# What you should do:
From the entries below, please output exactly the lines starting at the one containing "L LOHAS LED" and ending at the one containing "Pet Long Plush Donut Round Pet Bed", both included.

# Exercise inputs:
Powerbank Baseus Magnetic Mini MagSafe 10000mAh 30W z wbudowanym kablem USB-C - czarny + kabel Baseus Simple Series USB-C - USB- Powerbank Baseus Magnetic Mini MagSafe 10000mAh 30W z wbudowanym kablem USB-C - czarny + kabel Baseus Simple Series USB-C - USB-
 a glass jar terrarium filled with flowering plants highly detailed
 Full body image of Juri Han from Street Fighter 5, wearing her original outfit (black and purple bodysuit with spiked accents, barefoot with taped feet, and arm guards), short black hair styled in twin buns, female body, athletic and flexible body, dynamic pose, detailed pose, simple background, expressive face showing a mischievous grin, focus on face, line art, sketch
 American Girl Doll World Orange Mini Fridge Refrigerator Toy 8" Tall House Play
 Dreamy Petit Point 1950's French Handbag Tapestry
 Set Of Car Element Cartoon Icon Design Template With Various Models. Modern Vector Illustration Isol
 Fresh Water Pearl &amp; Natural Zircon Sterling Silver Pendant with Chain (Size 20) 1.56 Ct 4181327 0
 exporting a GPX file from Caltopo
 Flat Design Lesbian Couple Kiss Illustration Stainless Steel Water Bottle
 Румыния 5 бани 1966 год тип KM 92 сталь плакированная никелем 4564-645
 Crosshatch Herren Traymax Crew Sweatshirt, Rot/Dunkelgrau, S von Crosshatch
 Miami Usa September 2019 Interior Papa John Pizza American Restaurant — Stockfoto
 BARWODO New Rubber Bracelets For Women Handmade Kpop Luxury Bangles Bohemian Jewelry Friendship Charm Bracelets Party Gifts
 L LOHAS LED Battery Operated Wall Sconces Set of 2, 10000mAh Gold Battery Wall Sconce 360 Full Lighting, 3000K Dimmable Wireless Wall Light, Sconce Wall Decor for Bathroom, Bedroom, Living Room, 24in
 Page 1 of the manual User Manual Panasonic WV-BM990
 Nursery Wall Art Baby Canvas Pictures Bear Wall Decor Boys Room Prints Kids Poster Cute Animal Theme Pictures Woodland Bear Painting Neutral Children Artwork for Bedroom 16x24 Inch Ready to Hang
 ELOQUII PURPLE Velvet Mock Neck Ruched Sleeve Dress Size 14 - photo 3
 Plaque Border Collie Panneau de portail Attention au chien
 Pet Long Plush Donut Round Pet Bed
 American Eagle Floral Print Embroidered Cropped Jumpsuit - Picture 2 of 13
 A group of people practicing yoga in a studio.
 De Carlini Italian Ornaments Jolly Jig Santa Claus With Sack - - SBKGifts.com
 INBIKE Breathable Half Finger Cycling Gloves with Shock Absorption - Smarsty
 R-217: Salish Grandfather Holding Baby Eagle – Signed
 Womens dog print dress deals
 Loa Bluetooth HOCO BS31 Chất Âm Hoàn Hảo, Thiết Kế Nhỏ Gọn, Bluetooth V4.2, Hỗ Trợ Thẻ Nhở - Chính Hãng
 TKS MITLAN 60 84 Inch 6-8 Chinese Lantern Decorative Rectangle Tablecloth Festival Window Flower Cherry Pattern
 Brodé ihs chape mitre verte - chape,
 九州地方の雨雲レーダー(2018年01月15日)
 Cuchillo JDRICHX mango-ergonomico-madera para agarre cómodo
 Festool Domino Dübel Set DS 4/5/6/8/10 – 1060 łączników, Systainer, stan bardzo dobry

# Exercise answer:
 L LOHAS LED Battery Operated Wall Sconces Set of 2, 10000mAh Gold Battery Wall Sconce 360 Full Lighting, 3000K Dimmable Wireless Wall Light, Sconce Wall Decor for Bathroom, Bedroom, Living Room, 24in
 Page 1 of the manual User Manual Panasonic WV-BM990
 Nursery Wall Art Baby Canvas Pictures Bear Wall Decor Boys Room Prints Kids Poster Cute Animal Theme Pictures Woodland Bear Painting Neutral Children Artwork for Bedroom 16x24 Inch Ready to Hang
 ELOQUII PURPLE Velvet Mock Neck Ruched Sleeve Dress Size 14 - photo 3
 Plaque Border Collie Panneau de portail Attention au chien
 Pet Long Plush Donut Round Pet Bed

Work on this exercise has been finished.